Supervisors from community partners come to campus and run information sessions that interested students will attend. Students then go on tours to the placements they are most interested in, and have informal interviews. The placement staff will then decide which students are the best fit for their agency based on the number of volunteers they can accommodate.


PULSE Council members meet with the students who serve the placements they are assigned to over the semester to talk about placement specific issues and to reflect on their service. Although reflection occurs in the classroom setting as well, these student-run informal meetings are focused on candid discussion and reflection on service.


“I learned so much from my students that worked at a placement that I had never worked at before,” Ramjit said. “We learn as much from them as they might from us. The focus is to build community among the people who serve there.”
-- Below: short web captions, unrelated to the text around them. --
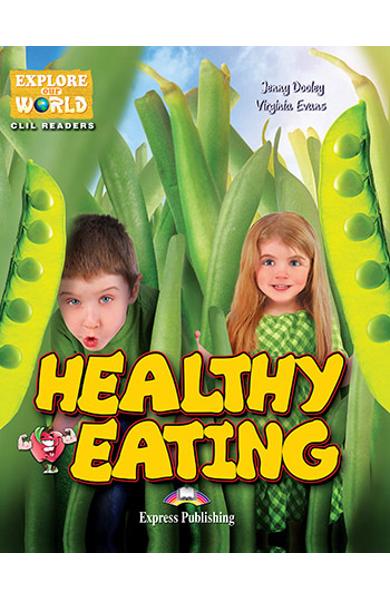 Literatura CLIL Healthy Eating Reader cu Cross-Platform App. 978-1-4715-6310-2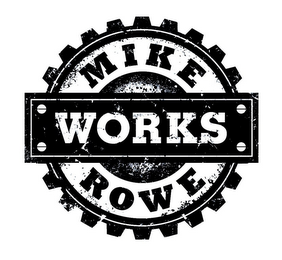 MIKE ROWE WORKS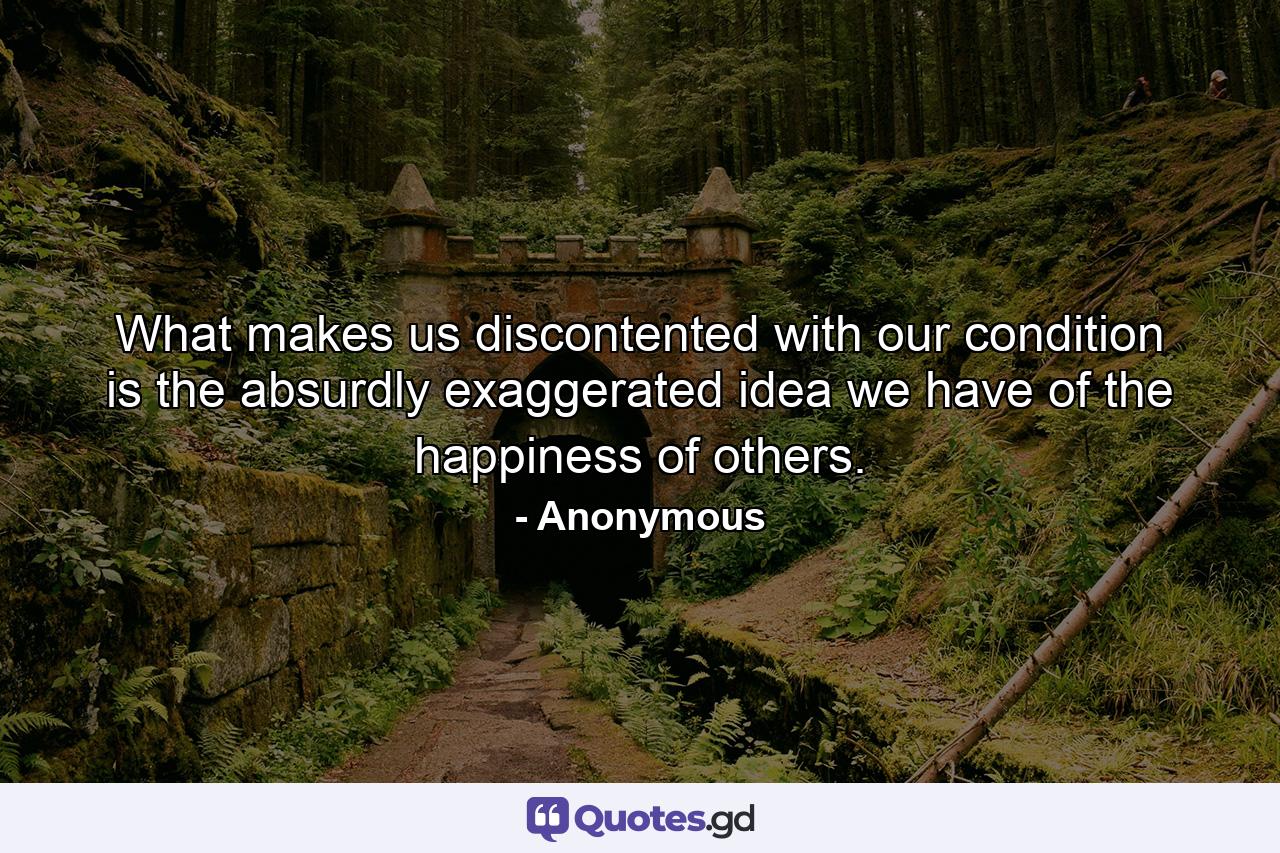 What makes us discontented with our condition is the absurdly exaggerated idea we have of the happiness of others. - Quote by Anonymous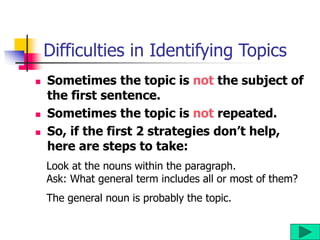 Difficulties in Identifying Topics
 Sometimes the topic is not the subject of
the first sentence.
 Sometimes the topic is not repeated.
 So, if the first 2 strategies don’t help,
here are steps to take:
Look at the nouns within the paragraph.
Ask: What general term includes all or most of them?
The general noun is probably the topic.
 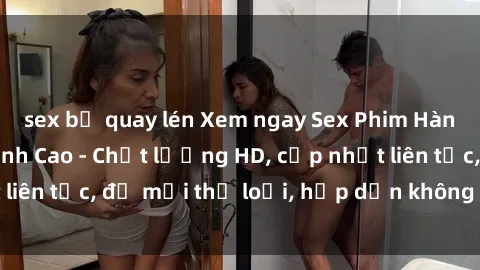 sex bị quay lén Xem ngay Sex Phim Hàn Quốc Vietsub Đỉnh Cao - Chất lượng HD, cập nhật liên tục, đủ mọi thể loại, hấp dẫn không thể bỏ qua!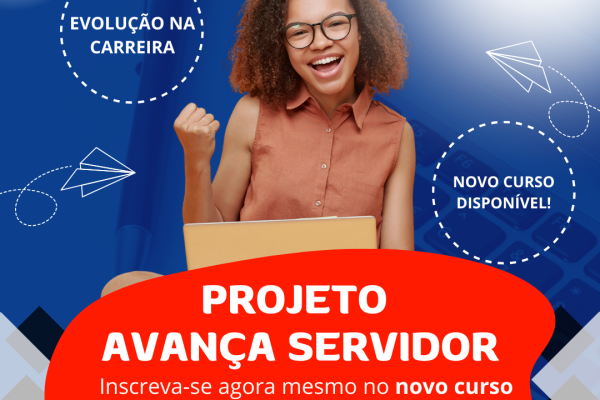 Projeto Avança Servidor disponibiliza novo curso para filiados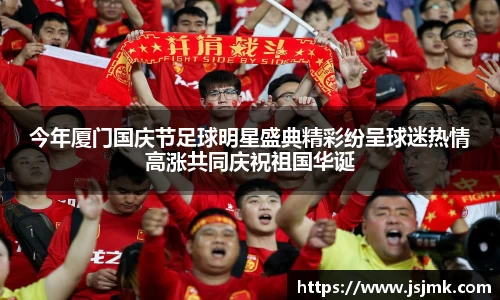 今年厦门国庆节足球明星盛典精彩纷呈球迷热情高涨共同庆祝祖国华诞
Each council member is also required to hold three office hours a week—to be in the office, to answer phones, and to be available. Although this is a requirement, most PULSE students convene in the office on their own time as well.


“We treat the office as a kind of home base,” said Andrew Faiz, second year Council member and A&S ’14. “Part of that is because we’re always doing things, hanging out, eating lunch, and doing homework.”


In addition to the normal course, there are various PULSE electives offered. These are classes that require less commitment: 4 to 8 hours of service, and offer smaller versions of the PULSE experience—inside and outside the classroom.


There is also a philosophy class taught by the director of PULSE that is only open to PULSE Council members.


Ramjit took PULSE sophomore year and served at a residence for women who have a history of homelessness and have been diagnosed with mental illness. She described the experience as eye opening and markedly different from anything she had ever done before.     


“I didn’t want to close that chapter of my education,” she said. Her PULSE professor noticed how profoundly her experience had impacted her and suggested she apply for council. “I was really excited about the chance to help other students have a really good PULSE experience. This is my way of continuing to serve—by serving PULSE students.”


For Faiz, PULSE has had a huge influence on his education. He served at an afterschool therapeutic program for kids with histories of abuse and neglect, and found his experience very rewarding. After serving at his placement, he ended up declaring a minor in education.


“Things I was exposed to while working kept me involved and helped me change my career path,” he said.


When asked about any difficulties he encountered while working as a council member, Ramjit spoke to the challenge of helping students find a placement that they feel fits them well when they may have had a strong idea of what they wanted early on, and didn’t get accepted into that placement. Ramjit, however, sees this situation as an opportunity rather than as a setback.  Personally, she was not accepted into her first choice placement. Nevertheless, she noted that she ended up having an incredibly rewarding experience at the placement she did attend.


“I would have never ended up at Park Street and I had such an amazing experience there. I try to tell this story to students who are discouraged.”